Only the lines from the start of the data below through the line that contains "胡志明市协平坊巷内房屋火灾，一人被困身亡" are to be copied, exactly and without pictures.

[Data entries]
#####

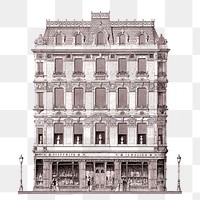 Piccadilly building png clipart, European architecture illustration on transparent background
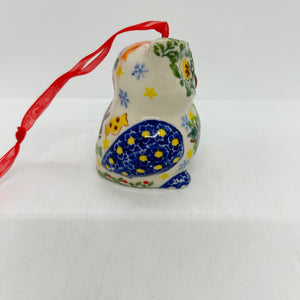 Owl Ornament - Red Bell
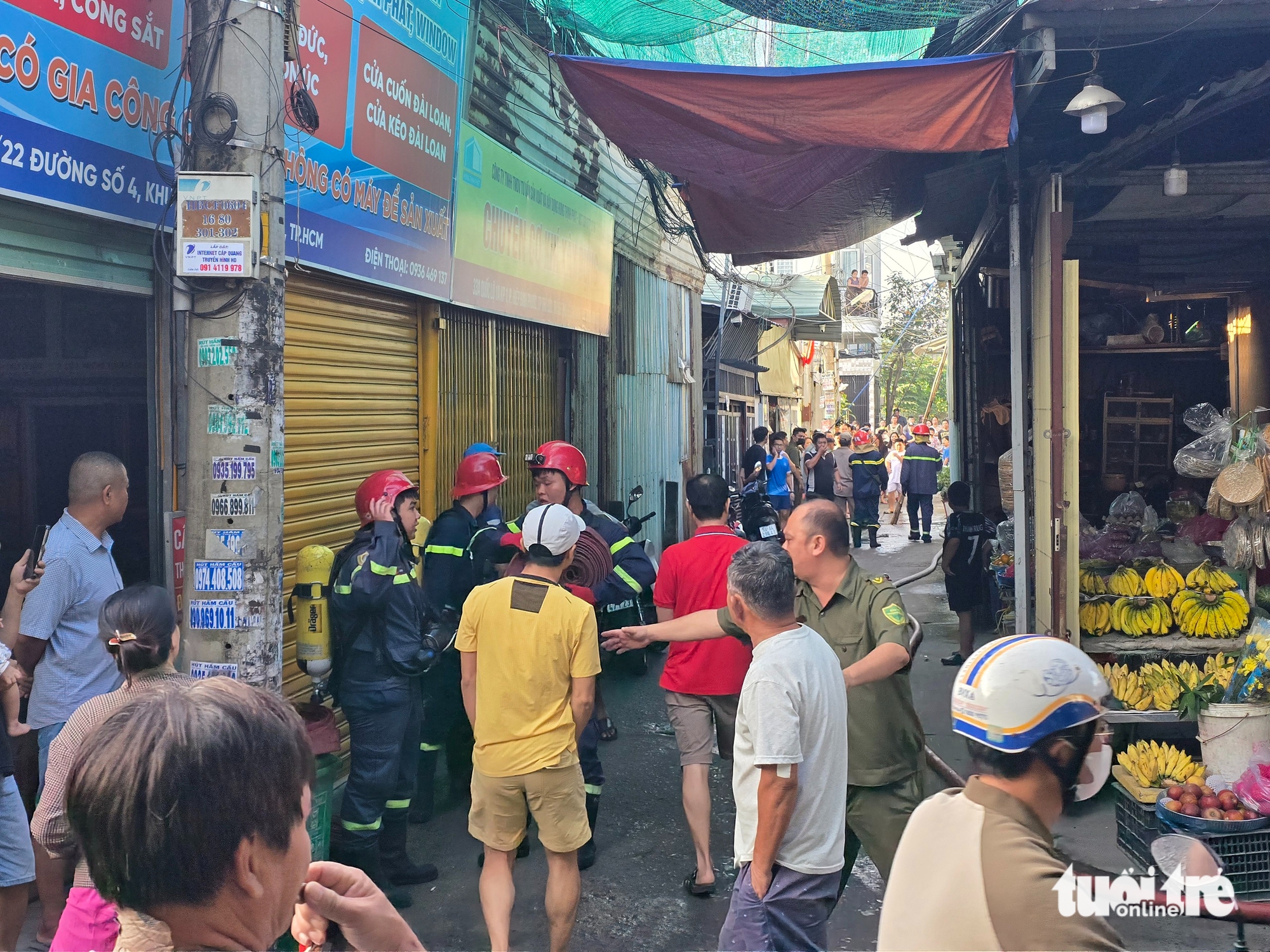 胡志明市协平坊巷内房屋火灾，一人被困身亡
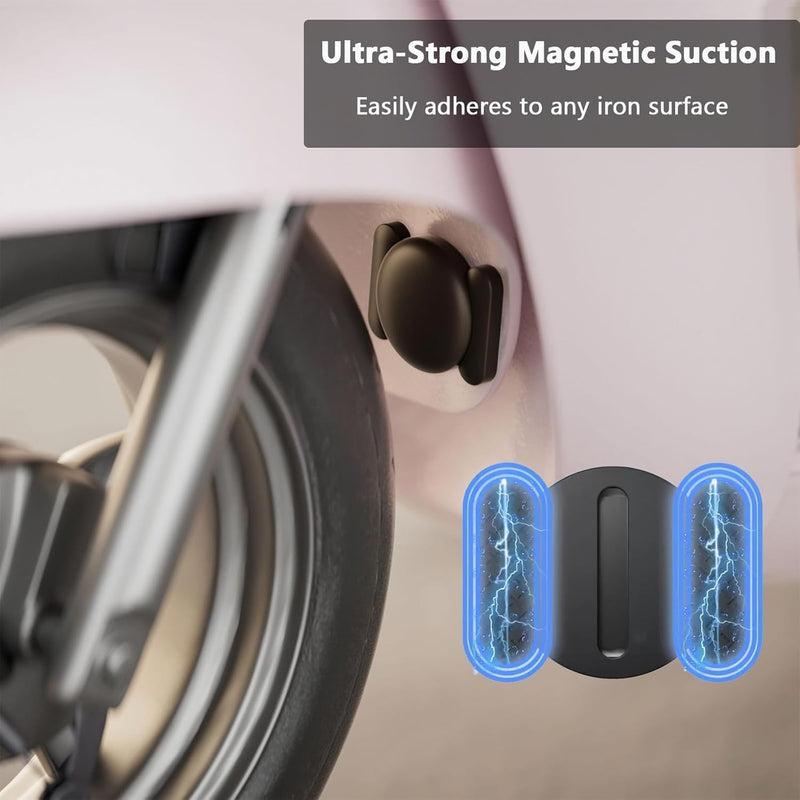 Hongtop Tracker Device for Vehicles,No Monthly Fee Anti-Theft Hidden Car GPS Tracker,Real Time GPS Car Tracker with Magnetic Case Work with Apple Find My(iOS Only) (Black,1PCS) Black,1PCS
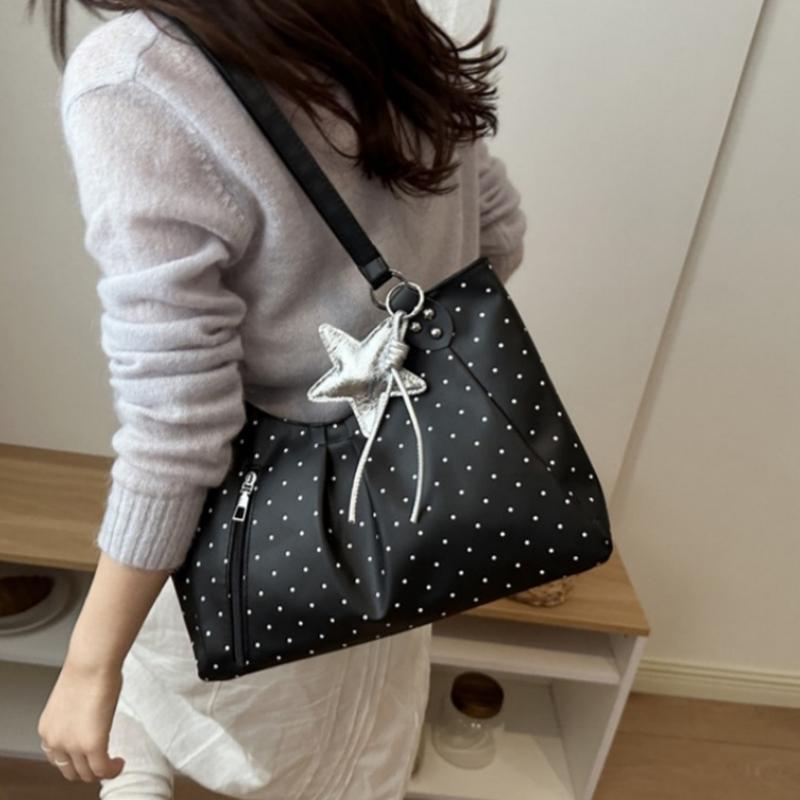 Women'S Vegan Bags - Vintage PU Tote Çanta Günlük Öğrenci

#####

Answer to this problem —
 Piccadilly building png clipart, European architecture illustration on transparent background
 Owl Ornament - Red Bell
 胡志明市协平坊巷内房屋火灾，一人被困身亡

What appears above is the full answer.